The Pentest Finding that wasn’t in the Report

Three days into a quarterly pentest at a 600-person SaaS company, I had full access to their production database. I never ran a single exploit against their firewall. I ran subfinder, httpx, and a GitHub search.

The finding that mattered most from that engagement was not in the report I delivered. It went into a phone call to the CISO, made over the head of the security director who hired me. This post is about why.

How a pentester actually finds these doors

If your mental model of a network pentest is someone pounding on your edge firewall, update it. The edge is fine. The edge has been fine for a decade. The interesting attack surface is the set of public URLs your engineers spun up this week that nobody has inventoried yet.

Here is the recon workflow, sketched at the level of strategy rather than tutorial. A director of security should recognize the shape of it, not need to copy-paste commands.

• Subdomain enumeration against the apex domain, then resolution and HTTP fingerprinting. The interesting hits are not on your own infrastructure. They resolve to vercel.app, ngrok.io, trycloudflare.com, serveo.net, pinggy.io, loca.lt, or whatever this quarter’s tunneling product happens to be.
• Certificate transparency log monitoring for the same brand strings. CT logs are public, queryable, and updated in close to real time. ngrok’s own threat-model documentation calls this out as a known discovery vector.
• GitHub code search across public repos and forks for the company’s apex domain. The hits live in .env.example files that are not actually examples, in YAML configs committed by accident, in personal forks where the original author rotated their secret but the fork still carries the old one.
• DNS-history lookups for subdomains that briefly pointed at preview infrastructure during a deploy window and then got pulled back, but where the preview environment is still up and still answering.
• Lurking in the company’s developer-community Slack or Discord for help-channel posts that quote staging URLs verbatim while asking why the OAuth callback is broken.

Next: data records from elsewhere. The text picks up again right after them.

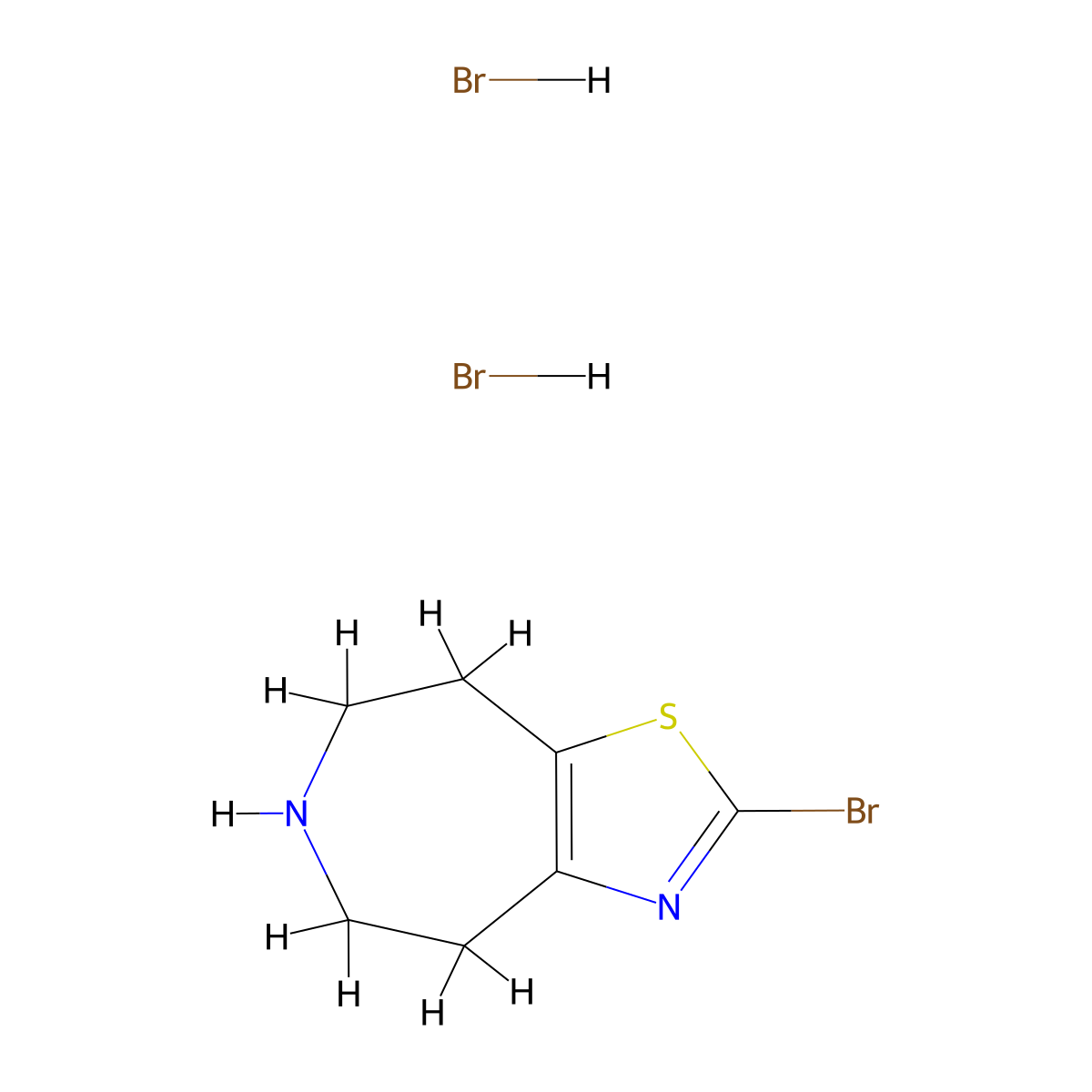 2-bromo-4H,5H,6H,7H,8H-[1,3]thiazolo[4,5-d]azepine dihydrobromide molecular structure, CAS 2995283-49-1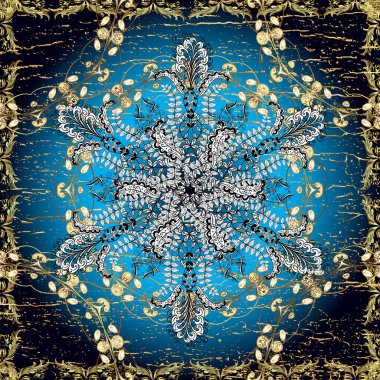 Doğu tarzı arabesk tarzında altın elementler. Mavi, beyaz ve siyah renklerde kusursuz desen. Vektör altın pürüzsüz desen. Kusursuz altın desenli bukleler..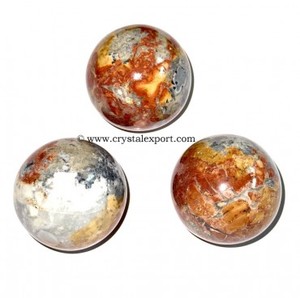Bola de colores de piedra preciosa natural pulida al por mayor para curar Esfera de jaspe oceánico Esfera de piedra de bola de jaspe oceánico multicolor - Product Image 1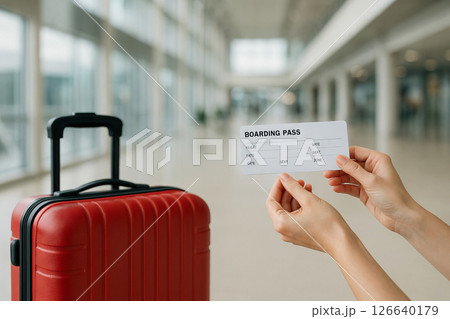 Hands holding boarding pass with red suitcase at airport terminal. concept of travel preparation, journey, modern transportation, wanderlust, exploring new destinations 126640179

Nothing in that list requires a CVE. Nothing in that list trips a WAF. Most of it does not generate a log entry on any device the security team owns.

The exploit chain

The chain that prompted this post, sanitized:

1. subfinder piped through httpx -title surfaced two subdomains resolving to vercel.app previews. Both had page titles that read like internal admin tools.
2. A GitHub code search for the apex domain across public forks surfaced an .env.example file in a personal fork of the company’s main repo. The values were not placeholders. They were live-looking strings pointing at the same Vercel preview.
3. The /admin route on that preview returned a working UI, gated by a DEV_BYPASS_TOKEN header. The token value was hardcoded in the repo with a comment that read, almost verbatim, // TODO: replace before prod, do not commit.
4. The preview environment’s database connection string pointed at a production-replica database the platform team had stood up so the preview would have realistic data to test against. The replica refreshed nightly from production.

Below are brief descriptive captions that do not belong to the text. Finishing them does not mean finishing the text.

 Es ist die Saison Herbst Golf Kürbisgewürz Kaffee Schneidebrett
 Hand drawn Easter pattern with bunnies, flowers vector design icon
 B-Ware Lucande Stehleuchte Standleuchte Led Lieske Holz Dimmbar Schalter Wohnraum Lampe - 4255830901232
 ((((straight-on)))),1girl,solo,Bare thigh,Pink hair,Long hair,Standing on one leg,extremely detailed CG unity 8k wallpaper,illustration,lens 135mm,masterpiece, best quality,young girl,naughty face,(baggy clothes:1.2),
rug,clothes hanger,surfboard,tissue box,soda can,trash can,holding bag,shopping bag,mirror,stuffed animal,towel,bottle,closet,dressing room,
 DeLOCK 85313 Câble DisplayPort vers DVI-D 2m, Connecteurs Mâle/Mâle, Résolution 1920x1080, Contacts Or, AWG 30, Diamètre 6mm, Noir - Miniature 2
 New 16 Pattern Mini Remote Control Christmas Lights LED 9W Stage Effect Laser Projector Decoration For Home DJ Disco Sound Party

Total elapsed time from subfinder to a query against the production-replica users table: about forty minutes. Three commands of consequence. Nothing in the firewall logs. Nothing in the WAF dashboard. The only artifact on the customer side was a Vercel access log that nobody on the security team had a feed into.

If your detection strategy assumes the attacker comes through your front door, you are not detecting the attackers who come through a tunnel your engineer opened thirty seconds ago.

The counter-intuitive bit

Here is the part I called the CISO about, and the part the rest of this post is really about.

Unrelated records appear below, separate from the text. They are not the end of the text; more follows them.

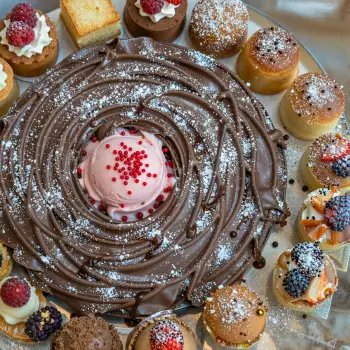 Chocolate Cake with Swirl Design and Pastries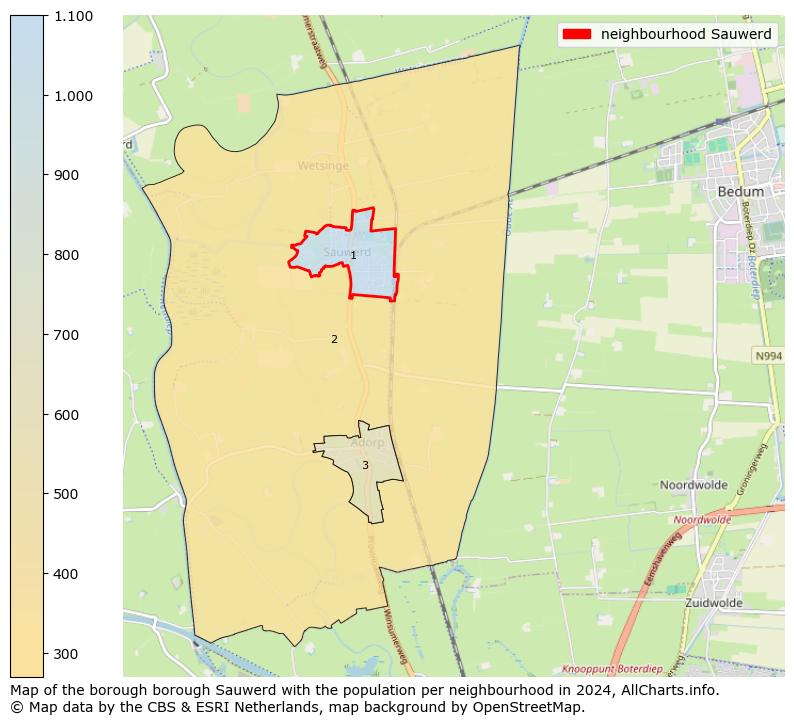 Image of the neighbourhood Sauwerd at the map. This image is used as introduction to this page. This page shows a lot of information about the population in the neighbourhood Sauwerd (such as the distribution by age groups of the residents, the composition of households, whether inhabitants are natives or Dutch with an immigration background, data about the houses (numbers, types, price development, use, type of property, ...) and more (car ownership, energy consumption, ...) based on open data from the Dutch Central Bureau of Statistics and various other sources!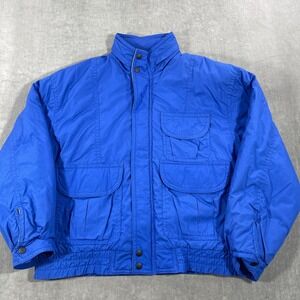 Vintage Forest Club Puffer Jacket Mens Medium‎ Blue Full Zip Utility Coat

ngrok is not the problem. Vercel preview deploys are not the problem. Cloudflare Tunnel is not the problem. Tailscale Funnel is not the problem. These are excellent tools that solve a real engineering problem, which is: a developer needs to share a work-in-progress URL with a designer, a PM, a customer success rep, or a prospect, for fifteen minutes, right now.

The problem at this customer (and at every customer where I have found this pattern) was that the security team’s deploy-approval process took two weeks per change. ngrok http 3000 takes thirty seconds. The developers were not being malicious. They were not even being careless in the way that word usually means. They were responding rationally to the incentive structure the security organisation had built. Anyone who has watched dev-platform velocity outpace security-review cadence over the last five years has seen this shape; the gap is not closing.

Banning the tool at the network layer fails the day the developer finds the next one. There is always a next one. The list above (serveo, pinggy, loca.lt) is just this quarter’s. Next quarter the list will be different. You will not win this race by blocklist.

The structural fix is a paved road

The fix is a sanctioned way to share a work-in-progress URL that is faster than ngrok, requires SSO, auto-expires, logs every request, and lives behind your egress controls. If the paved road is faster than the shadow path, developers use the paved road. If it is slower, they do not, regardless of policy.

That is not a finding the security director who hired me could triage. The director’s available move was to put “dev tunnel exposure” in the formal report, where it would land in next quarter’s planning cycle and get prioritised against fifty other mediums. The actual fix required peer-level conversation between the CISO and the VP of Platform Engineering, with the security team in the supporting role rather than the gatekeeping one. The structural change is moving from “security signs every deploy” to “platform owns a paved preview-share path that security audits quarterly.”

The security director did not have the standing to mandate that move. The CISO did.

Why I went around the person who hired me

Pentest engagement etiquette says findings flow back through the person who scoped the engagement. That is a good default. I broke it on this engagement, deliberately, because the timeline mattered.

If I waited for the report cycle, the structural conversation happened in eight weeks, if it happened at all. By calling the CISO the morning the pattern became clear, the conversation with platform engineering happened by end-of-week. The paved road shipped six weeks later. None of that happens on the timeline of a written finding.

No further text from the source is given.